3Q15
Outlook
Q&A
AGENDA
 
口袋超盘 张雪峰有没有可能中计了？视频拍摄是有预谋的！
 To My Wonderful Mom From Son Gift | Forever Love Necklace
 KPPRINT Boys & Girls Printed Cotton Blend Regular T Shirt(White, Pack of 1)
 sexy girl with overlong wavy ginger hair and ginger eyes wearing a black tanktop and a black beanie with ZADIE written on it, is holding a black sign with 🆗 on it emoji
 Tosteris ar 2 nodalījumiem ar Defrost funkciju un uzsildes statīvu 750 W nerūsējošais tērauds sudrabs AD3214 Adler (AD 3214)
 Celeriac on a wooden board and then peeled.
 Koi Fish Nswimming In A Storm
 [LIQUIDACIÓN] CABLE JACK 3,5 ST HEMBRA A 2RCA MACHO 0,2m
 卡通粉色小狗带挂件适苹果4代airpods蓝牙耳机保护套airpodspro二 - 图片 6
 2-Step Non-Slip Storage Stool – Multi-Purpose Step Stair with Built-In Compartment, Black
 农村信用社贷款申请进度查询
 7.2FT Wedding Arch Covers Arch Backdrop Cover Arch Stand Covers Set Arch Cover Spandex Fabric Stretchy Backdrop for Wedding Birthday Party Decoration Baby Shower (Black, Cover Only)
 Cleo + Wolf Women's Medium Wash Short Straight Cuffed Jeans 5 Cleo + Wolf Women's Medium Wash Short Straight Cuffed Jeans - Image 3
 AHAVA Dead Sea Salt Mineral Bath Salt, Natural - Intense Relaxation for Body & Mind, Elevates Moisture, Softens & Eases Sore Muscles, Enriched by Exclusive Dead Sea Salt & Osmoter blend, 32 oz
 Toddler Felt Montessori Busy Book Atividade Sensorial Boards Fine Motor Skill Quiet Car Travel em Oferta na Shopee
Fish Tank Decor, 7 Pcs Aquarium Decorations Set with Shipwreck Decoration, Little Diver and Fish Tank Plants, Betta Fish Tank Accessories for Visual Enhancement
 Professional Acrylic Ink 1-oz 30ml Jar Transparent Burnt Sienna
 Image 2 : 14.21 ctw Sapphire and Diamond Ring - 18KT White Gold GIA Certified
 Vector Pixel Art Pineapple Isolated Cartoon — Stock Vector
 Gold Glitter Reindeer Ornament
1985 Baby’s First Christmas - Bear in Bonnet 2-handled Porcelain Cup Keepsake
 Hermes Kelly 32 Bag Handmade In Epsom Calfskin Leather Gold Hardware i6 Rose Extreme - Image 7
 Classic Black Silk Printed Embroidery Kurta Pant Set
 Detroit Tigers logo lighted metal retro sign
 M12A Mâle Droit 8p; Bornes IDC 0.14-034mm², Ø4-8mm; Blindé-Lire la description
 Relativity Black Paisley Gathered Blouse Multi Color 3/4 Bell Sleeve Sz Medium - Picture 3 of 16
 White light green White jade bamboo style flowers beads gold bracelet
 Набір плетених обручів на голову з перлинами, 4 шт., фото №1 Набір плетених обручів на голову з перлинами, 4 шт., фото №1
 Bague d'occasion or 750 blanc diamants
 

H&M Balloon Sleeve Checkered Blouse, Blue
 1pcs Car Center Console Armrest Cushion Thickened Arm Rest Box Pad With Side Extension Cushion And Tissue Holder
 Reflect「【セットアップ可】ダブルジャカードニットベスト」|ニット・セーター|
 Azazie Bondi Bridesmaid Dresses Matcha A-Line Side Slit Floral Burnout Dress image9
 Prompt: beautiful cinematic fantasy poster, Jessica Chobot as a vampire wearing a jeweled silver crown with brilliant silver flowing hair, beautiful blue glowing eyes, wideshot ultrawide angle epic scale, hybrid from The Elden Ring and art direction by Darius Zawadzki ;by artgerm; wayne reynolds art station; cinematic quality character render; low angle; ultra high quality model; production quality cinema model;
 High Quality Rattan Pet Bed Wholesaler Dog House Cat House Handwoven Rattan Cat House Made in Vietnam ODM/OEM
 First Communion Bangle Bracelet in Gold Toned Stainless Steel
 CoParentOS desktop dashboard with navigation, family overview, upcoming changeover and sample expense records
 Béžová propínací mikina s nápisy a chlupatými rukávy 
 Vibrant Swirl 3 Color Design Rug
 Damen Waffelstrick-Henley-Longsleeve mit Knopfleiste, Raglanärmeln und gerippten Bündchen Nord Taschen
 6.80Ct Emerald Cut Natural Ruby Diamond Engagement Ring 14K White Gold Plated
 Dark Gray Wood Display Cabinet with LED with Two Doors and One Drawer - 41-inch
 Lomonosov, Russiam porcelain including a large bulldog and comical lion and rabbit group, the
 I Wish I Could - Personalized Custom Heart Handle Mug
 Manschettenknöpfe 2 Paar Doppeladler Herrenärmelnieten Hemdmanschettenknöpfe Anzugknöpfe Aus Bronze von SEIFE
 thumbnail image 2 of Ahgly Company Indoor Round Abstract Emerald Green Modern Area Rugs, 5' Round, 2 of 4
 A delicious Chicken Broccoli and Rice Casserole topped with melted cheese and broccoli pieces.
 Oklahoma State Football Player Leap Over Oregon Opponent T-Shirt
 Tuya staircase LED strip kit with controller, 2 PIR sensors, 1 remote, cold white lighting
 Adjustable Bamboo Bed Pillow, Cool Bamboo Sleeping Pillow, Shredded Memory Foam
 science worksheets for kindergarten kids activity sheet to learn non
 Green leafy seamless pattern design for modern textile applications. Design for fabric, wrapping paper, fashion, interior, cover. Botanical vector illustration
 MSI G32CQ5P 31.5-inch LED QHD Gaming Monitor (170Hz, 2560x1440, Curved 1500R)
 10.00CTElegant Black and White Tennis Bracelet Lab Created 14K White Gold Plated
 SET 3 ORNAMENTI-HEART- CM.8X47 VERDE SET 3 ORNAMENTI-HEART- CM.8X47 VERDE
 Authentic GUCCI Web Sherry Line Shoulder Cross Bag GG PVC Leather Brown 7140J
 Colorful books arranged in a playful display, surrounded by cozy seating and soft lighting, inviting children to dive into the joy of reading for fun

WHAT YOU NEED TO DO: Every entry is to be restated word for word, with nothing dropped.

EXPECTED ANSWER:
3Q15
Outlook
Q&A
AGENDA
 
口袋超盘 张雪峰有没有可能中计了？视频拍摄是有预谋的！
 To My Wonderful Mom From Son Gift | Forever Love Necklace
 KPPRINT Boys & Girls Printed Cotton Blend Regular T Shirt(White, Pack of 1)
 sexy girl with overlong wavy ginger hair and ginger eyes wearing a black tanktop and a black beanie with ZADIE written on it, is holding a black sign with 🆗 on it emoji
 Tosteris ar 2 nodalījumiem ar Defrost funkciju un uzsildes statīvu 750 W nerūsējošais tērauds sudrabs AD3214 Adler (AD 3214)
 Celeriac on a wooden board and then peeled.
 Koi Fish Nswimming In A Storm
 [LIQUIDACIÓN] CABLE JACK 3,5 ST HEMBRA A 2RCA MACHO 0,2m
 卡通粉色小狗带挂件适苹果4代airpods蓝牙耳机保护套airpodspro二 - 图片 6
 2-Step Non-Slip Storage Stool – Multi-Purpose Step Stair with Built-In Compartment, Black
 农村信用社贷款申请进度查询
 7.2FT Wedding Arch Covers Arch Backdrop Cover Arch Stand Covers Set Arch Cover Spandex Fabric Stretchy Backdrop for Wedding Birthday Party Decoration Baby Shower (Black, Cover Only)
 Cleo + Wolf Women's Medium Wash Short Straight Cuffed Jeans 5 Cleo + Wolf Women's Medium Wash Short Straight Cuffed Jeans - Image 3
 AHAVA Dead Sea Salt Mineral Bath Salt, Natural - Intense Relaxation for Body & Mind, Elevates Moisture, Softens & Eases Sore Muscles, Enriched by Exclusive Dead Sea Salt & Osmoter blend, 32 oz
 Toddler Felt Montessori Busy Book Atividade Sensorial Boards Fine Motor Skill Quiet Car Travel em Oferta na Shopee
Fish Tank Decor, 7 Pcs Aquarium Decorations Set with Shipwreck Decoration, Little Diver and Fish Tank Plants, Betta Fish Tank Accessories for Visual Enhancement
 Professional Acrylic Ink 1-oz 30ml Jar Transparent Burnt Sienna
 Image 2 : 14.21 ctw Sapphire and Diamond Ring - 18KT White Gold GIA Certified
 Vector Pixel Art Pineapple Isolated Cartoon — Stock Vector
 Gold Glitter Reindeer Ornament
1985 Baby’s First Christmas - Bear in Bonnet 2-handled Porcelain Cup Keepsake
 Hermes Kelly 32 Bag Handmade In Epsom Calfskin Leather Gold Hardware i6 Rose Extreme - Image 7
 Classic Black Silk Printed Embroidery Kurta Pant Set
 Detroit Tigers logo lighted metal retro sign
 M12A Mâle Droit 8p; Bornes IDC 0.14-034mm², Ø4-8mm; Blindé-Lire la description
 Relativity Black Paisley Gathered Blouse Multi Color 3/4 Bell Sleeve Sz Medium - Picture 3 of 16
 White light green White jade bamboo style flowers beads gold bracelet
 Набір плетених обручів на голову з перлинами, 4 шт., фото №1 Набір плетених обручів на голову з перлинами, 4 шт., фото №1
 Bague d'occasion or 750 blanc diamants
 

H&M Balloon Sleeve Checkered Blouse, Blue
 1pcs Car Center Console Armrest Cushion Thickened Arm Rest Box Pad With Side Extension Cushion And Tissue Holder
 Reflect「【セットアップ可】ダブルジャカードニットベスト」|ニット・セーター|
 Azazie Bondi Bridesmaid Dresses Matcha A-Line Side Slit Floral Burnout Dress image9
 Prompt: beautiful cinematic fantasy poster, Jessica Chobot as a vampire wearing a jeweled silver crown with brilliant silver flowing hair, beautiful blue glowing eyes, wideshot ultrawide angle epic scale, hybrid from The Elden Ring and art direction by Darius Zawadzki ;by artgerm; wayne reynolds art station; cinematic quality character render; low angle; ultra high quality model; production quality cinema model;
 High Quality Rattan Pet Bed Wholesaler Dog House Cat House Handwoven Rattan Cat House Made in Vietnam ODM/OEM
 First Communion Bangle Bracelet in Gold Toned Stainless Steel
 CoParentOS desktop dashboard with navigation, family overview, upcoming changeover and sample expense records
 Béžová propínací mikina s nápisy a chlupatými rukávy 
 Vibrant Swirl 3 Color Design Rug
 Damen Waffelstrick-Henley-Longsleeve mit Knopfleiste, Raglanärmeln und gerippten Bündchen Nord Taschen
 6.80Ct Emerald Cut Natural Ruby Diamond Engagement Ring 14K White Gold Plated
 Dark Gray Wood Display Cabinet with LED with Two Doors and One Drawer - 41-inch
 Lomonosov, Russiam porcelain including a large bulldog and comical lion and rabbit group, the
 I Wish I Could - Personalized Custom Heart Handle Mug
 Manschettenknöpfe 2 Paar Doppeladler Herrenärmelnieten Hemdmanschettenknöpfe Anzugknöpfe Aus Bronze von SEIFE
 thumbnail image 2 of Ahgly Company Indoor Round Abstract Emerald Green Modern Area Rugs, 5' Round, 2 of 4
 A delicious Chicken Broccoli and Rice Casserole topped with melted cheese and broccoli pieces.
 Oklahoma State Football Player Leap Over Oregon Opponent T-Shirt
 Tuya staircase LED strip kit with controller, 2 PIR sensors, 1 remote, cold white lighting
 Adjustable Bamboo Bed Pillow, Cool Bamboo Sleeping Pillow, Shredded Memory Foam
 science worksheets for kindergarten kids activity sheet to learn non
 Green leafy seamless pattern design for modern textile applications. Design for fabric, wrapping paper, fashion, interior, cover. Botanical vector illustration
 MSI G32CQ5P 31.5-inch LED QHD Gaming Monitor (170Hz, 2560x1440, Curved 1500R)
 10.00CTElegant Black and White Tennis Bracelet Lab Created 14K White Gold Plated
 SET 3 ORNAMENTI-HEART- CM.8X47 VERDE SET 3 ORNAMENTI-HEART- CM.8X47 VERDE
 Authentic GUCCI Web Sherry Line Shoulder Cross Bag GG PVC Leather Brown 7140J
 Colorful books arranged in a playful display, surrounded by cozy seating and soft lighting, inviting children to dive into the joy of reading for fun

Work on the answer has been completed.